What is needed: Print all of the records below again without a single difference.

Provided data:
BEGIN
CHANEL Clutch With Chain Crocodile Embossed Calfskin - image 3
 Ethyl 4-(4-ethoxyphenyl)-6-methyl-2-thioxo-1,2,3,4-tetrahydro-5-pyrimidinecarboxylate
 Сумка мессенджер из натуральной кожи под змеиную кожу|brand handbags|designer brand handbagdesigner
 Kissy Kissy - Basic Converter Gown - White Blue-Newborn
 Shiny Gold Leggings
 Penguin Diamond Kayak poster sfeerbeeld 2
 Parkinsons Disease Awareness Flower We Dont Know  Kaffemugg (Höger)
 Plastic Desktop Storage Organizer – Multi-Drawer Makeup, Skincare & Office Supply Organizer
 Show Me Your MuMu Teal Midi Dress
END
Solution to this exercise:
CHANEL Clutch With Chain Crocodile Embossed Calfskin - image 3
 Ethyl 4-(4-ethoxyphenyl)-6-methyl-2-thioxo-1,2,3,4-tetrahydro-5-pyrimidinecarboxylate
 Сумка мессенджер из натуральной кожи под змеиную кожу|brand handbags|designer brand handbagdesigner
 Kissy Kissy - Basic Converter Gown - White Blue-Newborn
 Shiny Gold Leggings
 Penguin Diamond Kayak poster sfeerbeeld 2
 Parkinsons Disease Awareness Flower We Dont Know  Kaffemugg (Höger)
 Plastic Desktop Storage Organizer – Multi-Drawer Makeup, Skincare & Office Supply Organizer
 Show Me Your MuMu Teal Midi Dress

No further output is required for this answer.